Cardiomyocytes were identified by cardiac Troponin I (cTnI) staining and analysed by immunofluorescence for DNA synthesis (BrdU incorporation assay). White arrows point to proliferating cardiomyocytes; scale bars 50 μm.
Extended Data Fig. 2 Corticosterone impairs phenotypic changes induced by caERBB2 expression.

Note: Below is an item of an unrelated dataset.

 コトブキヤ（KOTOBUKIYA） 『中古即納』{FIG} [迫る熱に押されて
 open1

(a) Analysis of the efficacy of lipofectamine-mediated modRNA transfection of postnatal day 1 (P1) cardiomyocytes cultured in vitro. Cardiomyocytes were identified by cardiac Troponin T (cTnT) staining and transfection was assessed through eGFP expression 24 h after modRNA delivery. A representative figure is provided; scale bar 50 μm; (b-c) Subdivision of Ki67+ postnatal day 1 cardiomyocytes analysed in Fig. 1g into mononucleated (b) and binucleated (c) cells; (d-e) Analysis of area (d) and Troponin T intensity (e) of postnatal day 1 (P1) cardiomyocytes cultured in vitro and transfected for 48 h with a modRNA encoding a constitutively active isoform of ERBB2 (caERBB2) together with corticosterone (CORT, 10−8 M). Cardiomyocytes were identified by cardiac Troponin T (cTnT) staining. Details on the number of replicates and experiments for each panel are provided in Supplementary Table 2. The values are presented as mean (error bars show standard deviation), statistical significance was determined using one-way ANOVA followed by Sidak’s test in (b), (c), (d), and (e) (comparison between pairs of treatments).

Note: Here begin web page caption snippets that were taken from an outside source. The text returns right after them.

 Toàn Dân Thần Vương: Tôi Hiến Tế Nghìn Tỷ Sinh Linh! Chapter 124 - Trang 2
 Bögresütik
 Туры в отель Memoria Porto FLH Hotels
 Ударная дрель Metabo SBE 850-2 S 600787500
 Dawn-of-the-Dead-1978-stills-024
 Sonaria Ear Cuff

Extended Data Fig. 3 Analysis of hypertrophic changes in cardiomyocytes following in vivo administration of corticosterone in early postnatal life.
(a-i) RT-qPCR analysis of mRNA expression of (a) Myh7, (b) Myh6, (c) Tnni1, (d) Tnni3, (e) Myh7/Myh6, (f) Tnni1/Tnni3, (g) Acta1, (h) Nppa, and (i) Nppb in mouse postnatal day 2-3 (P2-3) heart lysates following in vivo delivery of water-soluble corticosterone-HBC complex (100 µg/ml) in the drinking water of the lactating mother from postnatal day 0–1 to postnatal day 2–3, for a total of 48 h; (j) Cardiomyocyte cross-sectional area evaluation by immunofluorescence analysis of WGA in heart sections of mice at postnatal day 2–3 following in vivo delivery of water-soluble corticosterone-HBC complex (100 µg/ml) in the drinking water of the lactating mother from postnatal day 0–1 to postnatal day 2–3, for a total of 48 h. Representative images are provided. Dashed outlines highlight cross-sectional areas of transversely aligned cardiomyocytes. Scale bars, 30 μm. Details on the number of replicates and experiments for each panel are provided in Supplementary Table 2. The values are presented as mean (error bars show standard deviation), statistical significance was determined using two-sided Student’s t-test in (a) (95% CI: -0.7725 to -0.3350), (b) (95% CI: -0.1838 to 0.1447), (c) (95% CI: -0.3339 to -0.005125), (d) (95% CI: -0.05248 to 0.2029), (e) (95% CI: -0.7746 to -0.3126), (f) (95% CI: -0.4603 to -0.03509), (g) (95% CI: 0.4683 to 1.389), (h) (95% CI: -0.04992 to 1.751), (i) (95% CI: -0.2244 to 0.9094), and (j) (95% CI: -4.281 to 1.119).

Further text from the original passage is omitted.